6. The method of Claim 5, wherein combining the received echoes further comprises combining the stored first and second sequences of echoes with a third received sequence of echoes to separate nonlinear signal components by the pulse inversion method.

7. The method of Claim 6, wherein combining the received echoes by the pulse inversion method further comprises separating third harmonic signal components to the relative exclusion of first and second harmonic signal components.

8. The method of Claim 7, wherein separating third harmonic signal components further comprises separating third harmonic signal components from a contrast agent to the relative exclusion of coherent fundamental and second harmonic components from tissue.

9. The method of Claim 8, wherein forming an ultrasonic image further comprises forming a third harmonic image of a contrast agent which exhibits a relatively low level background tissue image.

10. An ultrasonic diagnostic imaging system which images an ultrasonic contrast agent comprising: a transducer probe which acts to transmit a plurality of differently modulated transmit waveforms in a given direction at an MI in excess of 0.1; a receiver coupled to the transducer probe which receives a sequence of echo signals in response to each of the transmit waveforms; a pulse inversion processor coupled to the receiver which separates third harmonic echo signal components to the relative exclusion of first and second harmonic signal components; and an image processor coupled to the pulse inversion processor which forms third harmonic images of a contrast agent.

11. The ultrasonic diagnostic imaging system of Claim 10, wherein the pulse inversion processor further comprises a buffer for storing sequences of echo signals received in response to at least two transmit waveforms.

12. The ultrasonic diagnostic imaging system of Claim 11, wherein the pulse inversion processor further comprises first, second, and third buffer memories for storing three sequences of echo signals and a summer coupled to the outputs of the buffer memories for combining signals stored in the buffer memories.

13. The ultrasonic diagnostic imaging system of Claim 10, wherein the transducer probe further comprises a transducer probe which transmits three differently phase modulated transmit waveforms in a given direction.

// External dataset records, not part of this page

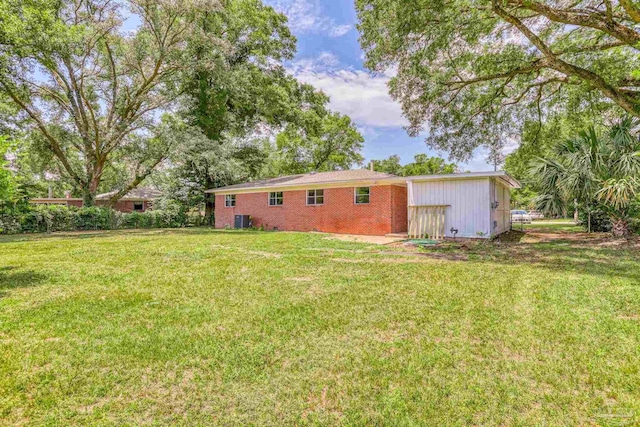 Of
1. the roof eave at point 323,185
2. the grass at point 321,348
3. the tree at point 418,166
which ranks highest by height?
the tree at point 418,166

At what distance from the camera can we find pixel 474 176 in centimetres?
1189

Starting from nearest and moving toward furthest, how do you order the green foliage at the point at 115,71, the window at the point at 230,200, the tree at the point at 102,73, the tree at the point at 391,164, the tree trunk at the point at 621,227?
1. the tree trunk at the point at 621,227
2. the tree at the point at 102,73
3. the green foliage at the point at 115,71
4. the window at the point at 230,200
5. the tree at the point at 391,164

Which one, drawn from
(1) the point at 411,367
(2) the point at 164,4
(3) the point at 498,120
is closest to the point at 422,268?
(1) the point at 411,367

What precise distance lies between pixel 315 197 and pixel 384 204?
3932mm

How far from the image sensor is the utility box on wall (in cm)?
1931

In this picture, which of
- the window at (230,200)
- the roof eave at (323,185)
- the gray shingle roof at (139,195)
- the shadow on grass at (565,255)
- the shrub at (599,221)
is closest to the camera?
the shadow on grass at (565,255)

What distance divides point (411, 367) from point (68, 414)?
2691 millimetres

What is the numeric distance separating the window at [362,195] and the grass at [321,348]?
28.2ft

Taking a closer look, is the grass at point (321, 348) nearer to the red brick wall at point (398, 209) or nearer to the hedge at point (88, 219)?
the red brick wall at point (398, 209)

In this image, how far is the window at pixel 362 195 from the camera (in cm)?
1487

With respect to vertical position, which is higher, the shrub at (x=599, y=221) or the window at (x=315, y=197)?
the window at (x=315, y=197)

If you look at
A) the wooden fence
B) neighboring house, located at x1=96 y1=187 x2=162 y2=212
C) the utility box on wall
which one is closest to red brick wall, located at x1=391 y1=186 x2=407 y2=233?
the wooden fence

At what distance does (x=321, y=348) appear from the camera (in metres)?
3.25

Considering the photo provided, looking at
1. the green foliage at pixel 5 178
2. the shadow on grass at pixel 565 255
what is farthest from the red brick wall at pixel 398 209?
the green foliage at pixel 5 178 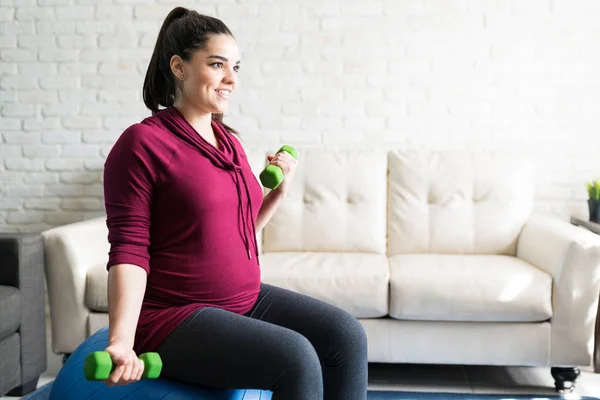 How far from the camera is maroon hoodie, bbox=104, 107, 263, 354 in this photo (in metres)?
1.35

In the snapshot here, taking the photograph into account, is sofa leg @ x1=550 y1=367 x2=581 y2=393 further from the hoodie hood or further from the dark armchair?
the dark armchair

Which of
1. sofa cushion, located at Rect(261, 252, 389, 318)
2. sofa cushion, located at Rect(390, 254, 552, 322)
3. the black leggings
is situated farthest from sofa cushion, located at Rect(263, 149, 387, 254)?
the black leggings

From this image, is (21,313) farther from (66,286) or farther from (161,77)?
(161,77)

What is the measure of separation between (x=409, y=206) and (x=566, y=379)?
0.95 meters

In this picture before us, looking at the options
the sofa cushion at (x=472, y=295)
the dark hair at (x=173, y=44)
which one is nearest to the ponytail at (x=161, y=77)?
the dark hair at (x=173, y=44)

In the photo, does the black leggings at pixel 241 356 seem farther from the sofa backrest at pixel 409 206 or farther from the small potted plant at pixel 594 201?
the small potted plant at pixel 594 201

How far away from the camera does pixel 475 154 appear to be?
10.1ft

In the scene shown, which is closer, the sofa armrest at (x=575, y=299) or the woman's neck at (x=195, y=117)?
the woman's neck at (x=195, y=117)

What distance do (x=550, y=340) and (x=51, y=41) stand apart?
9.01ft

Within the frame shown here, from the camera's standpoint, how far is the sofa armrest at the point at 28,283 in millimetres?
2443

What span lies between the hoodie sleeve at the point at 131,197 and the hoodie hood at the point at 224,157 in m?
0.10

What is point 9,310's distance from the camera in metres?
2.34

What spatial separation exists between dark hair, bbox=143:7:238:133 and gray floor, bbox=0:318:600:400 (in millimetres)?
1469

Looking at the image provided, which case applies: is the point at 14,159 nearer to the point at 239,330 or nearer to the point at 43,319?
the point at 43,319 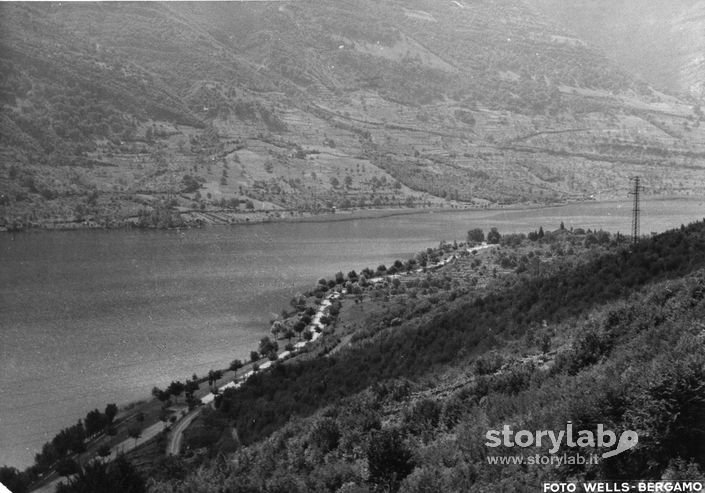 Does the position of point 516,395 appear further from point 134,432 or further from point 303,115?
point 303,115

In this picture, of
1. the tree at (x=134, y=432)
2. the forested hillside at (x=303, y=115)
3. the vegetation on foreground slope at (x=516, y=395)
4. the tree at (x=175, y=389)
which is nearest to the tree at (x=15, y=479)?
the tree at (x=134, y=432)

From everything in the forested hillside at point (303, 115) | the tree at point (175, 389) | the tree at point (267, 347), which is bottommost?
the tree at point (175, 389)

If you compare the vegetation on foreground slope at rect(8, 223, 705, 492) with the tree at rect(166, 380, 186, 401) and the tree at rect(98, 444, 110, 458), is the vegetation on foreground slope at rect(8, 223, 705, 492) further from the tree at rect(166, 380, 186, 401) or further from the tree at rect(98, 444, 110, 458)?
the tree at rect(98, 444, 110, 458)

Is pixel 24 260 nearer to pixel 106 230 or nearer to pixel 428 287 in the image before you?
pixel 106 230

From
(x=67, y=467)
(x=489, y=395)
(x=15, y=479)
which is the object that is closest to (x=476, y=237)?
(x=67, y=467)

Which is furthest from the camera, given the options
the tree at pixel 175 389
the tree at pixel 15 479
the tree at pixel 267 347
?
the tree at pixel 267 347

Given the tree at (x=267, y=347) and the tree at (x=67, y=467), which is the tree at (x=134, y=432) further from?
the tree at (x=267, y=347)

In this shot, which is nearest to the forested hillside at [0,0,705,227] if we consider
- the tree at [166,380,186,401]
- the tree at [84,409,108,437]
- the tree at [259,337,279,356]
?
the tree at [259,337,279,356] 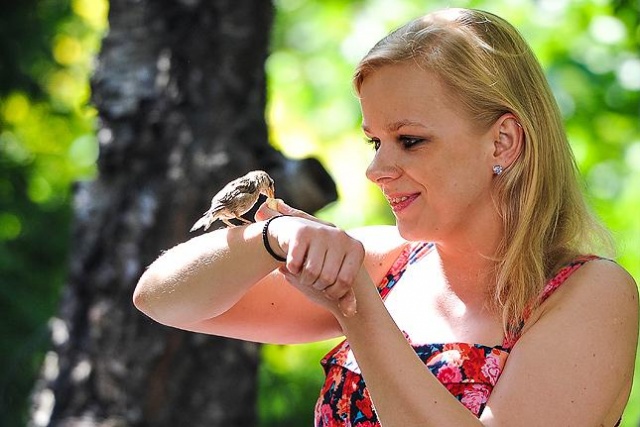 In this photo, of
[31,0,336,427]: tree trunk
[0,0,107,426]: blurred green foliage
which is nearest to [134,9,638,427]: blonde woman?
[31,0,336,427]: tree trunk

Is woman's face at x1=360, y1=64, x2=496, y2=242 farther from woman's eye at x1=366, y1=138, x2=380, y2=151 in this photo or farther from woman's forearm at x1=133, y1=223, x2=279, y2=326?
woman's forearm at x1=133, y1=223, x2=279, y2=326

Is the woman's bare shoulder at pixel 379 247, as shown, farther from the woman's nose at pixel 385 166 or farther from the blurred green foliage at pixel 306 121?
the blurred green foliage at pixel 306 121

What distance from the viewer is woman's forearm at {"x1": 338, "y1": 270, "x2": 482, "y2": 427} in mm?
1929

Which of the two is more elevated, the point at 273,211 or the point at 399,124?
the point at 399,124

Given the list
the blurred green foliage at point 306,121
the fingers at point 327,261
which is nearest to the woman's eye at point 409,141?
the fingers at point 327,261

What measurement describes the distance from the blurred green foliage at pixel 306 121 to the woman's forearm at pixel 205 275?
3110 mm

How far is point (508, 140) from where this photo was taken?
7.41 ft

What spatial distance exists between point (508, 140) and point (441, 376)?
50 centimetres

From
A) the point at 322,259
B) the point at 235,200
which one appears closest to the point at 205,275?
the point at 235,200

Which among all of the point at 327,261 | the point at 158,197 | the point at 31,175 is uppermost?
the point at 31,175

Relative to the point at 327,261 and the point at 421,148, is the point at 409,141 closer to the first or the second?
the point at 421,148

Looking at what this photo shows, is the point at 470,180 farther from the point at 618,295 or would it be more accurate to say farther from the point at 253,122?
the point at 253,122

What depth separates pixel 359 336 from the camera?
1982 mm

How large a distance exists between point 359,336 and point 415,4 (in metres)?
4.95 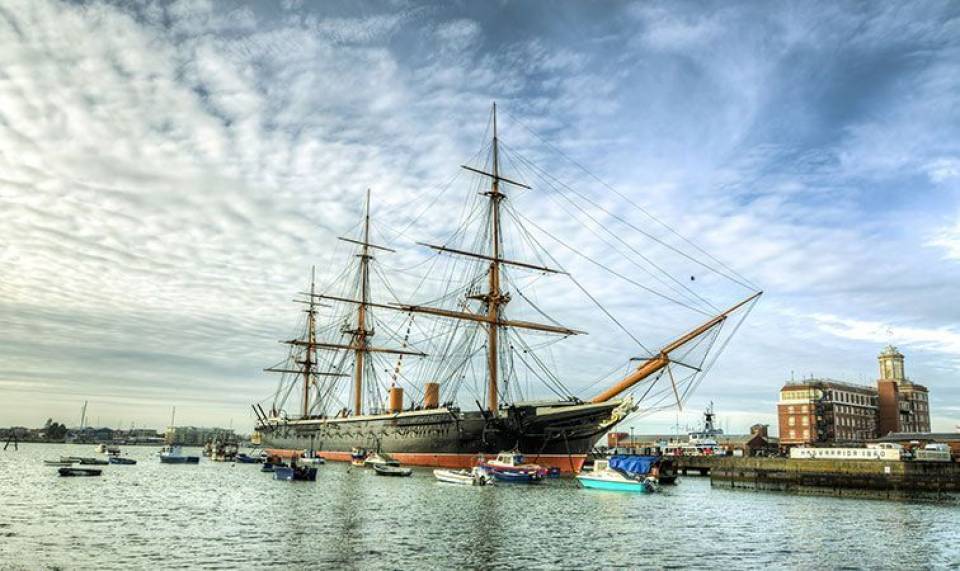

14. The ultrasonic diagnostic imaging system of Claim 13, wherein the transducer probe further comprises a transducer probe which transmits three differently phase modulated transmit waveforms in a given direction which are symmetrically phase modulated.

15. The ultrasonic diagnostic imaging system of Claim 14, wherein the transducer probe further comprises a transducer probe which transmits three differently phase modulated transmit waveforms in a given direction which are phase modulated at 0°, 120° and 240° relative phase angles.

16. The ultrasonic diagnostic imaging system of Claim 14, wherein the transducer probe further comprises a transducer probe which transmits three differently phase modulated transmit waveforms in a given direction which exhibit relative phase differences of 211/3.

17. The ultrasonic diagnostic imaging system of Claim 10, wherein the image processor further comprises an image processor which forms third harmonic images of a contrast agent with a relatively low background tissue image.